Chris Titchner: Already Gone
[Self-released; Feb. 24]
Though he works full-time as a gigging musician, it’s been more than a decade since Raleigh’s Chris Titchner has released an album of his own. That fallow spell ended at The Wake Forest Listening Room on Sunday, when Titchner released Already Gone, which sounds like the work of a greener musician—in a good way, mostly.
Titchner, a sprightly acoustic guitarist and singer, has a fresh, springy sound, bright and coursing like a brook. He also has a clear, natural voice and a knack—for better and worse—for fitting long, complex, grammatically correct speeches into catchy singalong tunes. Though his folk-pop songs are professionally wrought, his energy is more eager, earnest college student than grizzled songwriter, and the combination is musically winning.
The album opens with “I’ll Come Back Around,” where a fine, flitting melody and Titchner’s lightly dancing voice buoy up his apologetic second-person lyrics. This mode of address always makes me feel like I’m uncomfortably eavesdropping, and it pervades the album. On the second song, “Hold Up,” the gracious acres of ringing chords, ropy leads, and pop-country-radio-worthy choruses hold more appeal than the interpersonal litigation of the verses.
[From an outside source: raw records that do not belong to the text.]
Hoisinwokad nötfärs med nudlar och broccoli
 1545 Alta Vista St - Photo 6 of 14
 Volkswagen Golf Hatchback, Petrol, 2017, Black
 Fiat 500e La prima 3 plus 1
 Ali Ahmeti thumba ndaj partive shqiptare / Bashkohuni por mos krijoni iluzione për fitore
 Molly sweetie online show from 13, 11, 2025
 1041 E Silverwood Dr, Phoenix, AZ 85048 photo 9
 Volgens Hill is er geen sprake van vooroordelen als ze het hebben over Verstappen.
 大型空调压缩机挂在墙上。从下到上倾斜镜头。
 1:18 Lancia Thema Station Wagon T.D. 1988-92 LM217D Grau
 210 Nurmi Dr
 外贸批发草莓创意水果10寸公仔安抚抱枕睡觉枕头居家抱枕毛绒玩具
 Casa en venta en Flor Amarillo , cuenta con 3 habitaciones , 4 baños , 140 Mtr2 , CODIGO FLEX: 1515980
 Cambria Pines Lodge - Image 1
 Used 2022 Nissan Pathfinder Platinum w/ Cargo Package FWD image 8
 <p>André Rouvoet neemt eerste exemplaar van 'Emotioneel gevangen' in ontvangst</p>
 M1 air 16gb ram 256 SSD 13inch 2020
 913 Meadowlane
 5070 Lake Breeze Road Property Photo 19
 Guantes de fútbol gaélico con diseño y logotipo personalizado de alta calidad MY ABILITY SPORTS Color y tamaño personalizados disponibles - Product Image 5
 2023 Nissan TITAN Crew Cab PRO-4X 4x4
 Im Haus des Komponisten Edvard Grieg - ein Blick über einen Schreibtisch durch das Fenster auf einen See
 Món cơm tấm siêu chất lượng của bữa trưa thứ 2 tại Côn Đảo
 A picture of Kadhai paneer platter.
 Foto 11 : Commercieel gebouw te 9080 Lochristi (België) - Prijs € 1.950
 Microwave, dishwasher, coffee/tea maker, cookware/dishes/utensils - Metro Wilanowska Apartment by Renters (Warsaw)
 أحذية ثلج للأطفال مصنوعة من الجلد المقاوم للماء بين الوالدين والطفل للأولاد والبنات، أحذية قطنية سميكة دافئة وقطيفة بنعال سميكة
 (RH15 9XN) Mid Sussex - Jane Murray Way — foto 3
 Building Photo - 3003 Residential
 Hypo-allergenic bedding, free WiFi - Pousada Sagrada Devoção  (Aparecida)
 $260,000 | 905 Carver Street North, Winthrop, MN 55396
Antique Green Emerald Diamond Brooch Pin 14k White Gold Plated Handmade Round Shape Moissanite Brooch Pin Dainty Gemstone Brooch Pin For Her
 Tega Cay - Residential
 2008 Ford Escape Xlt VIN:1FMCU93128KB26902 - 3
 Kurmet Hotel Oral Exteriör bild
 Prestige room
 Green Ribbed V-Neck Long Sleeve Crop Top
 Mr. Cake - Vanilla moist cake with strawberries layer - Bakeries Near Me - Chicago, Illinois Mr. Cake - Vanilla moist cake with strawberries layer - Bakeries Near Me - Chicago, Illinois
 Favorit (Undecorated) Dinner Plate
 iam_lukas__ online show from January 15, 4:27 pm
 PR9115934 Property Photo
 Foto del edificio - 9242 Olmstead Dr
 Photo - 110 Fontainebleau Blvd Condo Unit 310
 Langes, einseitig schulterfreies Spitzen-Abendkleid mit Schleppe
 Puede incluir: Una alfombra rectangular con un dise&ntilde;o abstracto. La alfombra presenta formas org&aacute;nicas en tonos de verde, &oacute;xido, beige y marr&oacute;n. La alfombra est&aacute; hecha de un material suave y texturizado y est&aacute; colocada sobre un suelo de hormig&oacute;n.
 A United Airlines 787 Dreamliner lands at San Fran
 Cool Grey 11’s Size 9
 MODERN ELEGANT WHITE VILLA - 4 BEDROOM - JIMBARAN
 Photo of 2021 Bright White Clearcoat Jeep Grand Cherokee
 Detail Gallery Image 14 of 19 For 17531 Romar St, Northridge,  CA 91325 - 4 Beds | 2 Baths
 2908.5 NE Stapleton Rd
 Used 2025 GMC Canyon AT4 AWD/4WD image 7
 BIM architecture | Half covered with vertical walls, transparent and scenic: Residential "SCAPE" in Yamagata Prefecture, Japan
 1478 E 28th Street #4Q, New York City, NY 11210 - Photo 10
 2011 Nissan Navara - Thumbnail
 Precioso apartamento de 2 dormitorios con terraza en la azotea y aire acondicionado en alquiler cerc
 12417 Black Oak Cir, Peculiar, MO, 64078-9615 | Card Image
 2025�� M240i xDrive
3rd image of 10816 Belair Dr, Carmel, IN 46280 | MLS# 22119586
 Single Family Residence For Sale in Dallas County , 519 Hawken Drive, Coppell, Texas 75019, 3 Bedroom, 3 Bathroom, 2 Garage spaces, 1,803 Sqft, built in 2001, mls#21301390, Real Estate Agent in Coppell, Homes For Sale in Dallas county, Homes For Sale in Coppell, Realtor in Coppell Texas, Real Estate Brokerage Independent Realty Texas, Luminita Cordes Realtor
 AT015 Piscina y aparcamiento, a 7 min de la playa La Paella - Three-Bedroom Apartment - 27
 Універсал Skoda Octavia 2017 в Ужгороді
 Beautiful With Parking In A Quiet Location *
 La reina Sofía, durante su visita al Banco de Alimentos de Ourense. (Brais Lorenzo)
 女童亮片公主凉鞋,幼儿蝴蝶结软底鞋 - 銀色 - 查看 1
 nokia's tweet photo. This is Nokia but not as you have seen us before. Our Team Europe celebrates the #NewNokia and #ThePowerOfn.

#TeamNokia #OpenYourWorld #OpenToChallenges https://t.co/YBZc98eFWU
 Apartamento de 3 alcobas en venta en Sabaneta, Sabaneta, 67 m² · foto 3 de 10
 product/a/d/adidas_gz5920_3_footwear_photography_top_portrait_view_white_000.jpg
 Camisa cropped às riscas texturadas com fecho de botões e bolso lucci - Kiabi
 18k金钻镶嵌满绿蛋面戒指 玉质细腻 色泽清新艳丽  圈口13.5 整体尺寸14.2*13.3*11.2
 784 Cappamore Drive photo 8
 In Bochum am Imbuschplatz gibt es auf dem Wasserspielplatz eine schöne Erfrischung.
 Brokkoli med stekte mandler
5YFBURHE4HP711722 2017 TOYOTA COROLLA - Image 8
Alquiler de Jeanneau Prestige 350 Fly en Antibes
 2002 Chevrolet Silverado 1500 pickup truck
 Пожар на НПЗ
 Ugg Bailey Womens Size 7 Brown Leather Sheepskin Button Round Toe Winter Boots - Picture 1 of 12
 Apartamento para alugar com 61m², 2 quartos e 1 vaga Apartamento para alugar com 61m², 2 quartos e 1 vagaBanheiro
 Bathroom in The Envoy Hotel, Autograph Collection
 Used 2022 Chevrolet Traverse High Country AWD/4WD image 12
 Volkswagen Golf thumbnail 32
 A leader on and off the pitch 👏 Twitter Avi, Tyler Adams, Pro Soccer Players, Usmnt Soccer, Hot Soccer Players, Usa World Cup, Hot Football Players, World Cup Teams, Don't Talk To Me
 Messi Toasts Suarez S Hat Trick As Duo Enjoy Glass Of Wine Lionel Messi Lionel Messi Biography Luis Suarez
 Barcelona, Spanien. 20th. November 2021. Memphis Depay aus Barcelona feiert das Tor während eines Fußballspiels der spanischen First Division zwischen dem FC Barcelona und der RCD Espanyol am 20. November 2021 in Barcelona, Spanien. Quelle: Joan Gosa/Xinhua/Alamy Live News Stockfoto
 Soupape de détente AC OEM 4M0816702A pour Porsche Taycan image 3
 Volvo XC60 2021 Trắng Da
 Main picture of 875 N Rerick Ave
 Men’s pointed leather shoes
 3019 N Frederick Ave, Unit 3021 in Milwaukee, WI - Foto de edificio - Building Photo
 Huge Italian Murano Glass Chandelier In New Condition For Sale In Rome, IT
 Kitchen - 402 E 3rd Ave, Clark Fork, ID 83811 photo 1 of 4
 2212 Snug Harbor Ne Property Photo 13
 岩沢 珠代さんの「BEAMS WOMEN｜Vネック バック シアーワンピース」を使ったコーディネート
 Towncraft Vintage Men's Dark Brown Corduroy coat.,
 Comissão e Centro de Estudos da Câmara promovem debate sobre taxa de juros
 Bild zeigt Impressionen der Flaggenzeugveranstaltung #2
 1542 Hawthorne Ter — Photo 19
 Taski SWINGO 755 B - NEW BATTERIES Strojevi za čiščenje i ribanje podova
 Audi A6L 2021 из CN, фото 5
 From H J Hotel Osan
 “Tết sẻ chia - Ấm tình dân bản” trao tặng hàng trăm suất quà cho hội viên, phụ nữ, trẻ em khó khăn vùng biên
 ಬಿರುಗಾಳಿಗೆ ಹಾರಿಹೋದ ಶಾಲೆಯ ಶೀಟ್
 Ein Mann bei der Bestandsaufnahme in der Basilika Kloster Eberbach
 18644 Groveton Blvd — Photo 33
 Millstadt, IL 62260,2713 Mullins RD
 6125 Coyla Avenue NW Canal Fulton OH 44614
As a musician and songwriter, Titchner is sound, but his overall vision still needs focusing. Though the acoustic palette holds the album together, he sometimes seems to be checking off boxes to see what will stick. There are blowsy jazz horns on Luddite anthem “Kerosene.” “Day Old Ticker Tape Parade” is like acoustic Death Cab for Cutie. “I Don’t Mind” is basically the album’s “Nightswimming.”
Next time, Titchner might do well to go all in on a writerly noir vibe, like The Old Ceremony, or on the unfussy singer-songwriter fare of his own “No Easy Way Out.” And dial down that pesky pronoun. I don’t know about you, or “you,” but I don’t like spending too long in someone else’s argument, which slightly sours an album otherwise notable for its sweet, inviting sound.